A rough estimate to avoid OOM, not an exact figure — leave headroom. Over budget? Try fp8, lower resolution, smaller batch, or tiled VAE / --medvram.

A tool that estimates how much VRAM an image generation is likely to need on Stable Diffusion-family models (SD1.5 / SD2.x / SDXL · Pony · Illustrious / SD3 Medium / Flux.1). Use it to sanity-check whether you can push the resolution or batch size before a run dies with "CUDA out of memory" (OOM). The estimate is split into three parts. (1) Model weights = parameter count × bytes per parameter (fp16/bf16 = 2 bytes, fp32 = 4, fp8 = 1). (2) Working memory (latents, activations, attention) = a baseline × batch size × pixel factor (area relative to 512×512) × an attention factor × the precision ratio. Efficient attention (xformers / SDP) cuts working memory a lot, while vanilla attention blows up at high resolution. (3) A fixed CUDA + framework overhead. It then shows the total and whether it fits an 8 / 12 / 16 / 24 GB GPU as OK / Tight / OOM (VRAM varies by model and implementation, so anything past 90% is flagged Tight to leave headroom). This is only an estimate — the real figure shifts with xformers, tiled VAE, --medvram / --lowvram, offloading and whatever the OS is using. If a run OOMs, try in order: fp8, lower resolution, smaller batch, tiled VAE, and --medvram. All math runs in your browser — the values you enter are never sent to any API or server.

How to use

  1. Pick the model (SD1.5 / SDXL / SD3 / Flux) and precision (fp16 / fp32 / fp8).
  2. Enter the width, height, batch size and attention mode (efficient / none).
  3. Read the VRAM estimate, the breakdown, and which GPUs (8/12/16/24 GB) it fits.

FAQ

Are the values I enter sent anywhere?

No. The VRAM estimate is computed entirely in your browser. The model, resolution, batch and other inputs are never sent to any API or server — it all stays on your device.

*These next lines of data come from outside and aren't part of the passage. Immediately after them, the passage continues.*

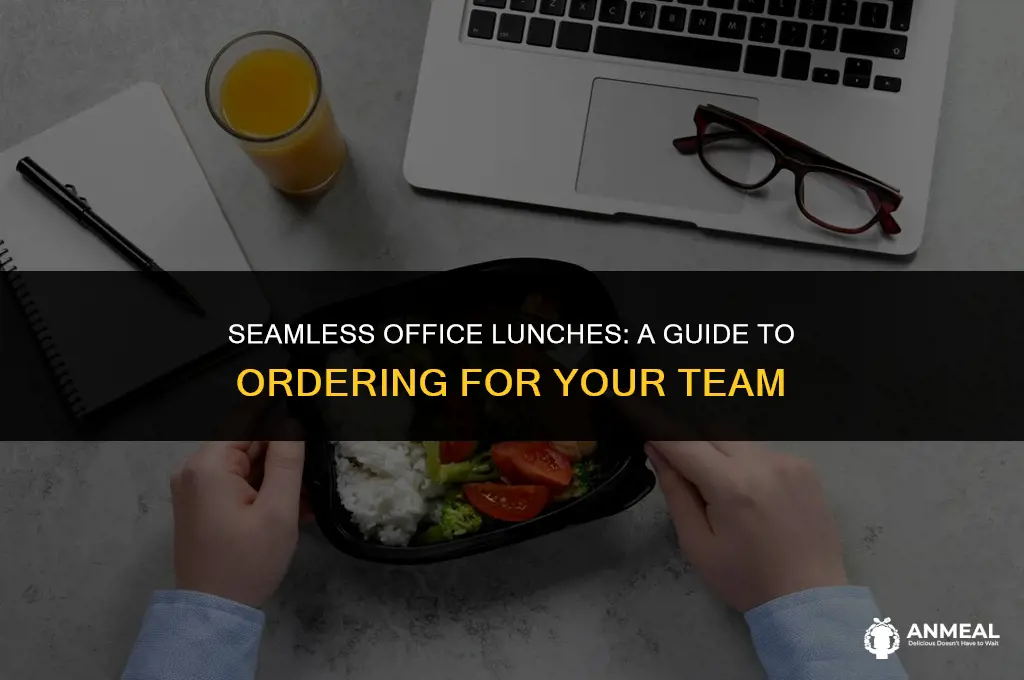 how to order lunch to the office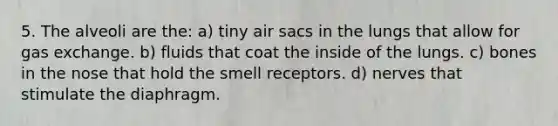 5. The alveoli are the: a) tiny air sacs in the lungs that allow for gas exchange. b) fluids that coat the inside of the lungs. c) bones in the nose that hold the smell receptors. d) nerves that stimulate the diaphragm.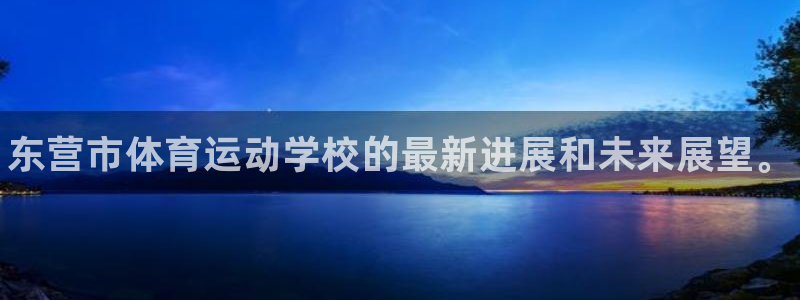 公海赌赌船官网下载娱乐：东营市体育运动学校的最新进展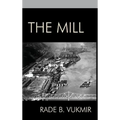 The Mill - Hardcover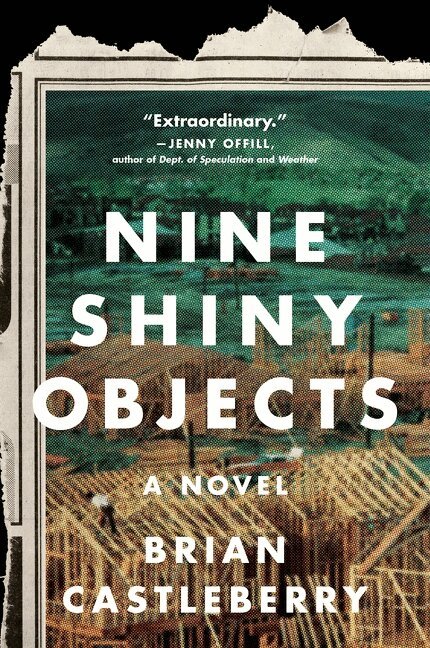 Brian Castleberry - Nine Shiny Objects, Häftad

How accurate is the number?

It's an estimate. Real VRAM depends on the UI (A1111 / Forge / ComfyUI), the implementation, whether xformers is on, tiled VAE, --medvram / --lowvram, offloading and what the OS uses. Treat it as a ballpark for avoiding OOM and leave headroom.

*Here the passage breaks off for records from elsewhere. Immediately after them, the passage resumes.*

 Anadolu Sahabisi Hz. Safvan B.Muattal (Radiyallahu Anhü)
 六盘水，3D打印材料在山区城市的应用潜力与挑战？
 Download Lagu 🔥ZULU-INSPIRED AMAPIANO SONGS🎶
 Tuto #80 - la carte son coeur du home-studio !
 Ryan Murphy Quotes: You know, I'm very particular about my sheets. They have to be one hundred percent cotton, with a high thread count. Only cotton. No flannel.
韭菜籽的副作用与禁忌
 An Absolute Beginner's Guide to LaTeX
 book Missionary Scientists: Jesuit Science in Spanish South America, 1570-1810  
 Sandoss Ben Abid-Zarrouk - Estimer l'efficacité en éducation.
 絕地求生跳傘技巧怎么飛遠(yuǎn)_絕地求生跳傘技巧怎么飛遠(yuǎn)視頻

Which precision (fp16 / fp32 / fp8) should I pick?

fp16 / bf16 is the usual default — pick it unless you have a reason not to. fp32 roughly doubles VRAM and is rarely needed. fp8 saves VRAM but is mainly supported on some models (Flux / SD3) and can shift quality slightly.

It OOMs (out of memory). What can I do?

In order of impact: switch to fp8, lower the resolution, reduce the batch size, enable tiled VAE, and add --medvram (or --lowvram). On Flux / SD3, offloading the text encoder (T5) also helps.

What's the difference between efficient and no attention?

xformers or PyTorch's SDP (scaled dot-product attention) save a lot of intermediate memory, so working memory stays manageable even at high resolution. Vanilla (none) makes attention memory grow sharply as resolution rises — a common cause of OOM.